V. Kontrolle, Widerstand, Alternativen

Die Bundesregierungen von Kohl über Schröder bis Merkel haben das asoziale, monopolistische und teilweise gesetzwidrige Eindringen der Wohnungsspekulanten gefördert. Nennenswerter Widerstand kommt nur aus Teilgruppen der Betroffenen. Gewerkschaften und Mietervereine berappeln sich erst.

Notwendige Maßnahmen

Wenn die Wohnungsnot gestoppt und gewendet werden soll, müssen die Rahmenbedingungen geändert werden:

• Keine Nullzins-Kredite an Spekulanten durch die EZB

• Stopp der Steuerflucht und der Anonymisierung der wirtschaftlich Berechtigten

• Abschaffung der Share Deals

• Verbot von direkten und indirekten Wohnungs-Kartellen, Neufassung des Kartellrechts

• Bekämpfung der Wohnungs-Zweckentfremdung durch Plattform-Vermittler

• Bestrafung für falsche Nebenkosten-Abrechnungen

• Stopp für Luxussanierungen

• Keine Umlage von Modernisierungskosten auf die Mieter

• Gründung öffentlicher Wohnungs-Gesellschaften, öffentlich finanzierter Neubau

• Erhebliche Personalaufstockung in den Bau- und Aufsichtsbehörden der Kommunen

• Wesentliche Erhöhung des gesetzlichen Mindestlohns, Kontrolle seiner Umsetzung; Erhöhung der unteren Arbeitseinkommen überhaupt.

Initiativen

Die politisch wichtigste Initiative ist bisher „Deutsche Wohnen & Co enteignen!“ in Berlin. Sie hat allerdings den Fehler gemacht, vom Berliner Senat ein Enteignungs-Gesetz – mit Berufung auf die Grundgesetz Artikel 14 und 15 – zu fordern, statt selbst ein solches Gesetz zu entwerfen und dafür Unterschriften zu sammeln. Allerdings wurde damit der fünfjährige „Mietendeckel“ befördert, den der Berliner Senat aus SPD, Grünen und Linke beschlossen hat. Das muss nun in den anderen Bundesländern ebenfalls geschehen. Wenn Berlin allein bleibt, ist es wahrscheinlicher, dass der Mietendeckel durch Klagen der Spekulanten-Lobby rechtlich ausgehebelt oder abgeschwächt wird.

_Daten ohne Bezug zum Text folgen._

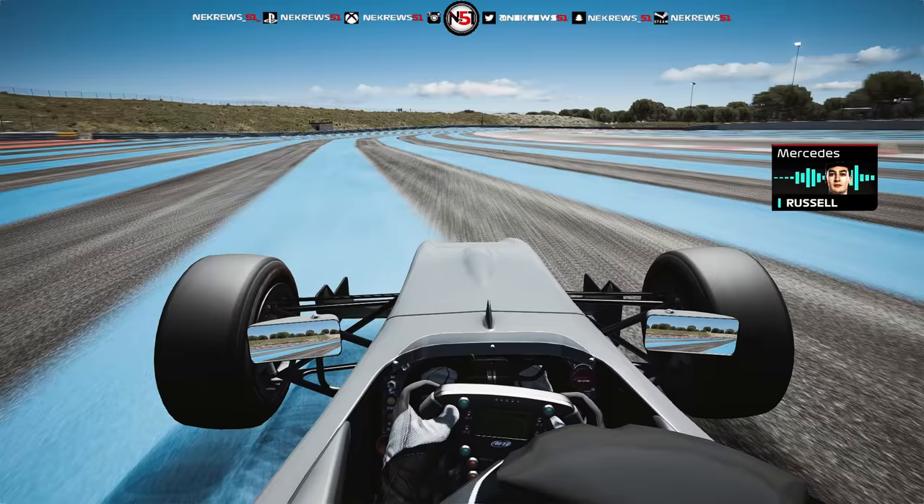And again, flat round here. Take my little Ferrari flag on my left-hand side to see the wind direction. Flat round here.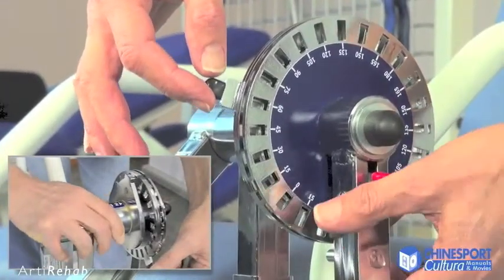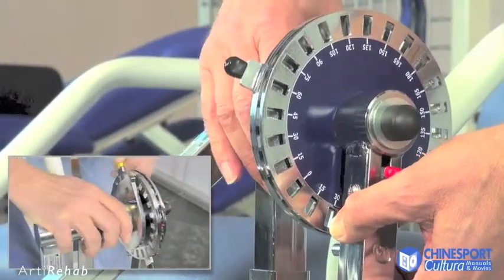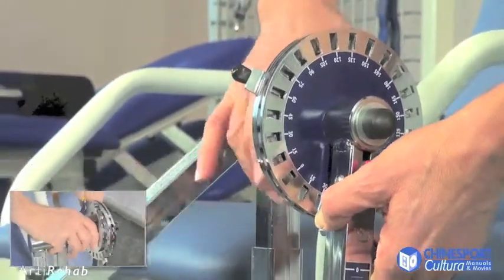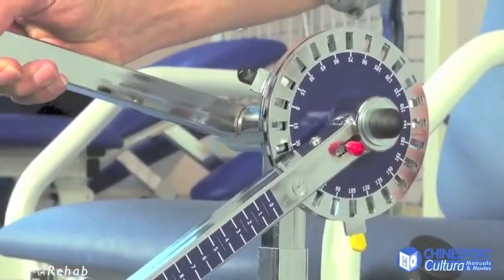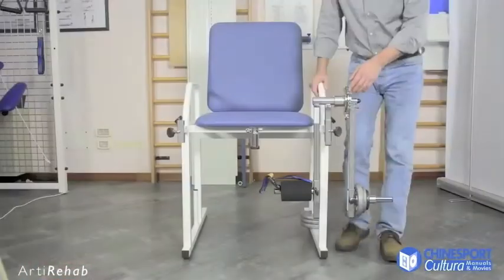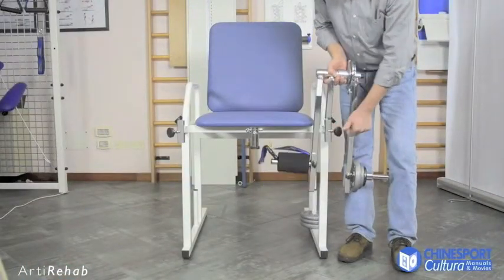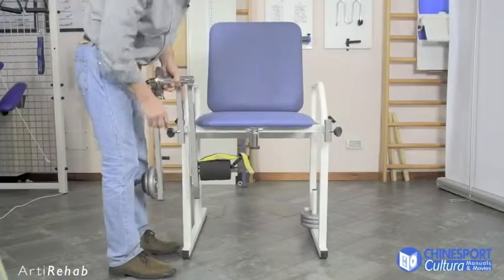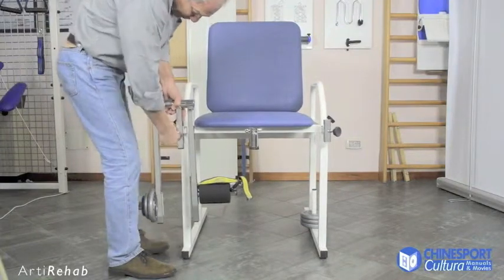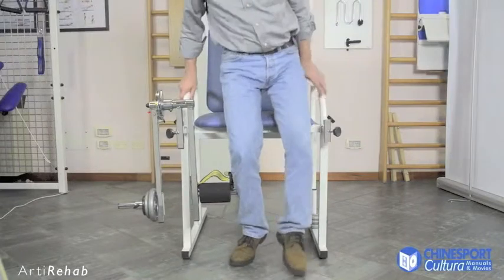When these settings have been done, it is possible to once again lock the system at the set starting and completion angles. The moveable arm can also be moved for use on the other limb, and the range of movement is adjusted again in order to precisely reproduce the work done with the other leg.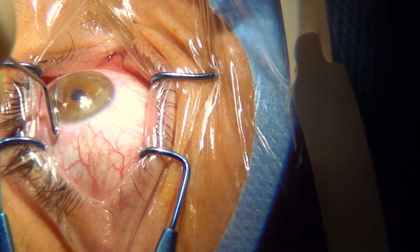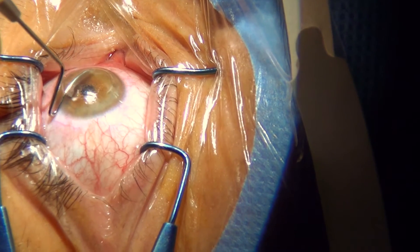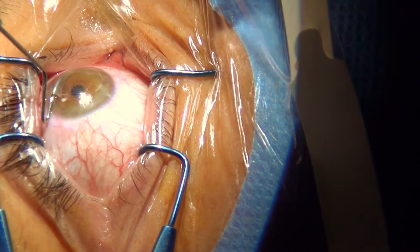From another viewpoint, the lenticule is brought to one side and removed without going into the pocket with the forceps.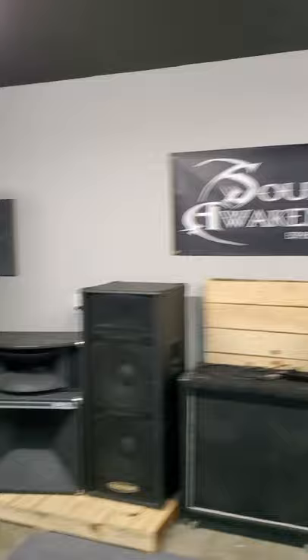Jonathan here with Soul's Awakened. How are you guys doing? Coming to you from our rehearsal space — let me show you here. This is our PA system that we play through, right there. And there's my beautiful bike.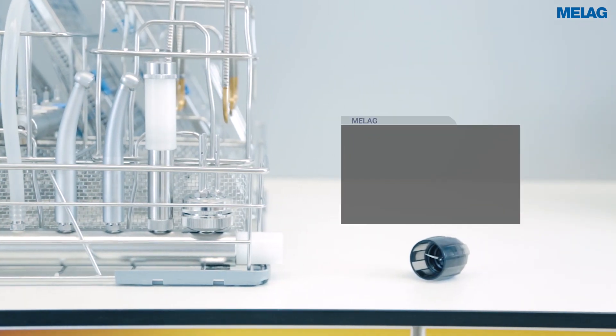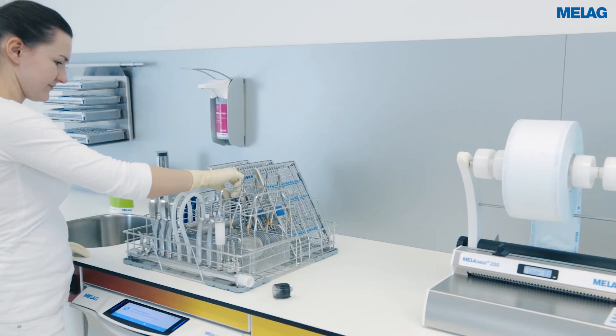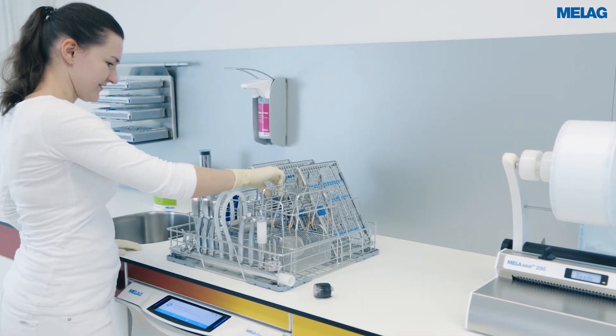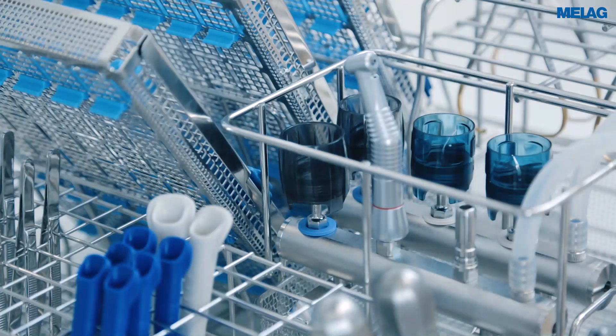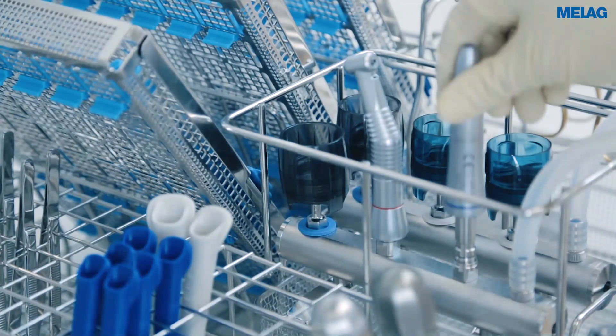You can connect ultrasonic scaler tips safely using the torque wrench. The injector basket Flex 1 provides a space-saving solution for the decontamination of ultrasonic scaler tips and further handpieces.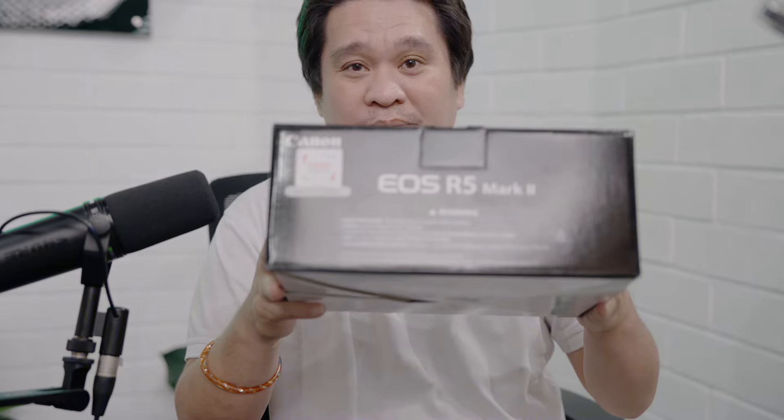Is it worth upgrading from the Canon R5 to the new Canon R5 Mark II? Hello guys, join us in this exciting unboxing of the new Canon R5 Mark II. We have the body and we will see what the upgrades are with the R5 Mark II compared to the R5 Mark I.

Zudem: Der Berliner Senat bietet keine Gewähr dafür, den Mietendeckel in allen Einzelheiten durchzusetzen. Der Kontrollaufwand ist groß, aber gerade in diesem Bereich fehlt das Personal. Investoren haben schon angekündigt, dass sie gegen Einschränkungen wie den Mietendeckel etwa das Mittel der Eigenbedarfskündigung einsetzen. Dabei ist die Tür für Betrug und Täuschung weit geöffnet: Ein Berliner CDU-Politiker hat allein in einem seiner Häuser schon sechs Eigenbedarfskündigungen durchgesetzt. Entfernte Verwandte, Au-pair-Mädchen, Großmütter werden für den Eigenbedarf vorgeschoben, um langjährige, auch alte Mieter hinauszuwerfen. Schon gegenwärtig geht der Deutsche Mieterbund von 80.000 Eigenbedarfskündigungen aus.13

Wegen des extremen Personalmangels – Folge des Privatisierungswahns – bedient sich der Senat bei der aufwendigen Sanierung und des Neubaus von Schulen des Finanzierungs- und Vergabemodells Private Public Partnership: Dabei schöpfen die vielen privaten Berater und vor allem die privaten Generalunternehmer mit ihren finanzierenden Banken hohe zusätzliche Gewinne ab, auch durch die Nutzung von befristeter und niedrig bezahlter Arbeit.14

Rückkauf nach Marktwert: Irrsinnig

Der Berliner Senat zieht unter anderem gegenwärtig eine kontraproduktive, geradezu irrsinnige Maßnahme durch. Im September 2019 kaufte er 5.800 privatisierte Wohnungen zurück. Er zahlte an den Eigentümer ADO Properties 920 Millionen Euro. Die Wohnungen hatte ADO erst 2015 von Deutsche Wohnen gekauft, für 375 Millionen. Gewinn in vier Jahren: Etwa 500 Millionen.15

2004 hatte der Senat aus SPD/PDS die 65.000 Wohnungen der Wohnungsgesellschaft GSW an die „Heuschrecken“ Whitehall und Cerberus verkauft, pro Wohnung eine Einnahme von 30.700 Euro. Jetzt beim Rückkauf zahlte der Senat pro Wohnung das Fünffache: 160.000 Euro. Den Kaufpreis brachte die städtische Wohnungsgesellschaft Gewobag auf, mithilfe eines 700 Millionen-Schuldscheins. Und die 5.800 Wohnungen sind mit 340 Millionen verschuldet.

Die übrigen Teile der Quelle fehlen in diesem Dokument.